DFM Cassegrain Telecope

DFM Telescope

This is a picture similiar to the telescope purchased by the U of U from DFM Engineering. The scope is a 32 in (0.8m) open truss Cassegrain telescope. The telescope will be automated and used for remote operations from the U's campus. Image provided by DFM Engineering.

Earth's Shadow on the Horizon

Southern Utah Observatory

University Of Utah

Information

The Southern Utah Observatory (SUO) is the next step for the University of Utah's Physics Department in becoming the Physics and Astronomy Department. Donations from the Willard L. Eccles and the E.R. Dumke & E.W. Dumke Foundations have made the expansion of the department possible through the building of a new observatory and the Eccles Foundation has also provided a grant to the Physics Department to become a full institutional member with the Sloan Digital Sky Survey III.

The University has purchased a 32 inch telescope from DFM Engineering. The scope is a Cassegrain design on an high precision equitorial fork mount. Plans to make the telescope robotic and controllable from a remote location are under way. The telescope is in production and is scheduled to be completed for installation in early 2009. A dome structure is being considered for the installation of the telescope.

After assessing availability, accessibility, atmospheric stability and sky darkness, the first choice for the observatory's location is in South Western Utah. Locations holding an eleveation of approximately 9000 feet and higher have proven to be exceptional sites with seeing (an astronomers gauge of atmospheric stability) of one arc second on average. They are ideally in a central location between two major sources of light pollution, Salt Lake City and Las Vegas. Very dark skies are seen while there with the Milky Way visible without much dark adaption at night. Limiting visual magnitude (naked eye) at the sites on a dark night may be upwards of 5.7 to 6.0.

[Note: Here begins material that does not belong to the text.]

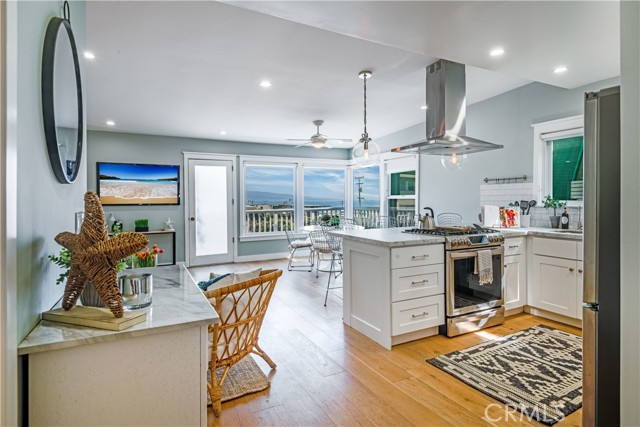 Open Plan Living Room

There is an exciting future in store for the Southern Utah Observatory. The observatory may provide support for further observations for data obtained from the Sloan Digital Sky Survey and will provide an instrument for teaching new Astronomy majors and astronomy graduate students in the upcoming astronomy program at the university. Research in other fields of astronomy such as planet hunting, Gamma Ray searching, galaxy formation, and others will be possible and are being considered. Plans for public access and outreach will be determined in the next year.